Essentiellement, on y a constaté que des pans de souveraineté avaient été retirés aux parlements nationaux pour être transférés au niveau des instances politiques de l'Union européenne. Si ces transferts ont pu se faire généralement sans heurts, c'est que la principale instance décisionnelle est demeurée le Conseil de l'Union, formé de tous les États membres. Mais comme cette instance se veut d'abord un forum intergouvernemental, les États y sont tout naturellement représentés parleur exécutif respectif, dans un cadre relativement fermé. Par conséquent, l'élaboration des politiques publiques dans de nombreux domaines échappe dorénavant aux parlements nationaux, c'est-à-dire au pouvoir législatif.

La même tendance peut être observée au sein d'autres forums internationaux, mais avec un peu moins de répercussions puisque les transferts de souveraineté y sont plus indirects. Toutefois, une double constante demeure : ce sont les exécutifs des États qui participent à ces forums et le public est généralement tenu à l'écart des processus de délibération et de décision.

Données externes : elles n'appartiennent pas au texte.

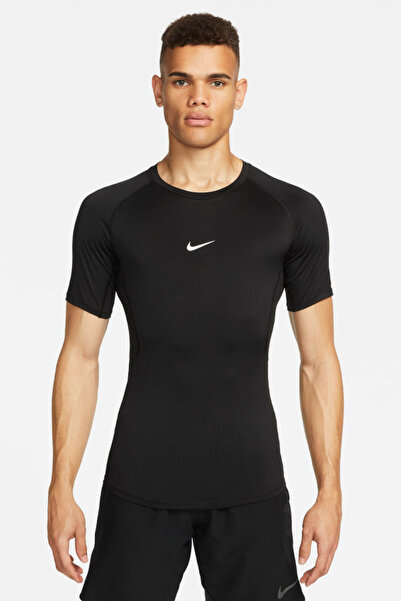 Nike Ανδρικό κοντομάνικο μπλουζάκι Dri-Fit Sports σε μαύρο χρώμα FB7932-010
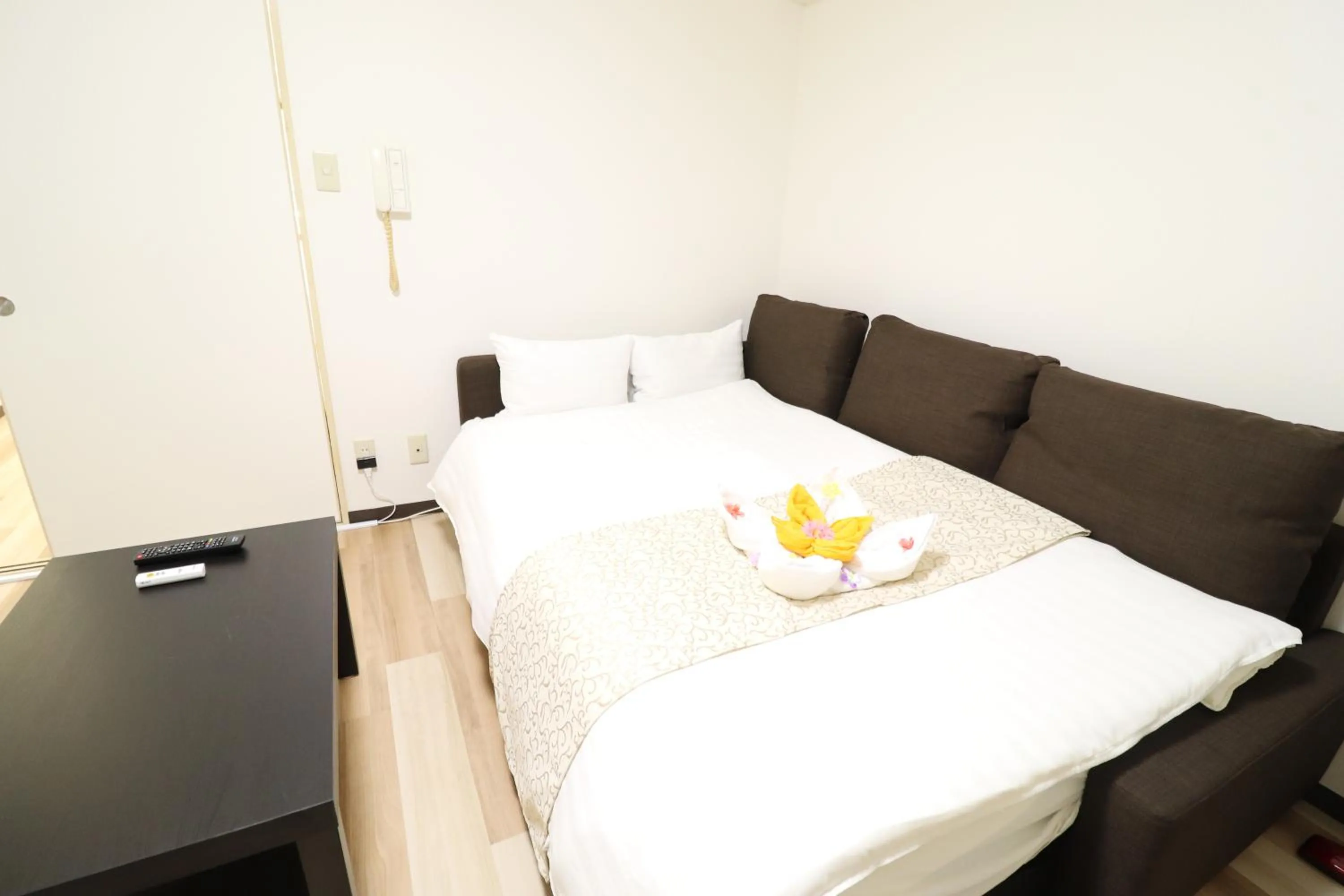 Living room, Bed in Court Saiwaicho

De plus, les décisions qui y sont effectivement prises revêtent une certaine irréversibilité, même s'il faudra à ces gouvernements, pour plusieurs d'entre eux, l'aval des parlements nationaux pour pouvoir y donner suite. Il n'y a ordinairement pas de possibilité réelle de revenir en arrière, car un État dont le parlement refuserait trop souvent de donner suite aux conventions élaborées dans l'arène internationale se condamnerait lui-même, à moyen terme, à une forme d'exclusion.

Ce phénomène du déficit démocratique pose un sérieux problème, car la plupart des constitutions des démocraties libérales sont fondées sur un arbitrage délicat en vertu duquel les prérogatives étatiques se retrouvent partagées entre les branches législative, exécutive et judiciaire. Or, le caractère démocratique de ces constitutions découle précisément de cet arbitrage en ce qu'il prévient toute domination d'une seule branche ou d'un seul individu sur l'ensemble et qu'il permet la participation du plus grand nombre à la vie politique de l'État.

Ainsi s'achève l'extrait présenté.